» TASK STATEMENT:
Please set down, unchanged, the line containing "The New York" and all the lines that follow it until the data below ends.

» DATASET RECORDS:
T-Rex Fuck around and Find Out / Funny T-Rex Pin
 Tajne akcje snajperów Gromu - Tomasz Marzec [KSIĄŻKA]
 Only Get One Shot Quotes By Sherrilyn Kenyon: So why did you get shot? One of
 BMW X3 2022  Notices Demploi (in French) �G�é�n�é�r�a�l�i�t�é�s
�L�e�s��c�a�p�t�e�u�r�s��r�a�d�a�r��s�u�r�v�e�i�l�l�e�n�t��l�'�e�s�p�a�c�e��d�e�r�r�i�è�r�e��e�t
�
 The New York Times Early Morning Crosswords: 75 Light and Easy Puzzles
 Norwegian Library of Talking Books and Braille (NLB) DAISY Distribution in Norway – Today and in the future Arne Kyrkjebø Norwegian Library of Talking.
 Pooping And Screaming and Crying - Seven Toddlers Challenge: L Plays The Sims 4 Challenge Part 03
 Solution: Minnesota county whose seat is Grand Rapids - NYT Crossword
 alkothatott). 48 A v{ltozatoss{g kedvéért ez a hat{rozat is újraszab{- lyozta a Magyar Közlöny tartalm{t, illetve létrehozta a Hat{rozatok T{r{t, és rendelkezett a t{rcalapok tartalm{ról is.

» TASK RESULT:
 The New York Times Early Morning Crosswords: 75 Light and Easy Puzzles
 Norwegian Library of Talking Books and Braille (NLB) DAISY Distribution in Norway – Today and in the future Arne Kyrkjebø Norwegian Library of Talking.
 Pooping And Screaming and Crying - Seven Toddlers Challenge: L Plays The Sims 4 Challenge Part 03
 Solution: Minnesota county whose seat is Grand Rapids - NYT Crossword
 alkothatott). 48 A v{ltozatoss{g kedvéért ez a hat{rozat is újraszab{- lyozta a Magyar Közlöny tartalm{t, illetve létrehozta a Hat{rozatok T{r{t, és rendelkezett a t{rcalapok tartalm{ról is.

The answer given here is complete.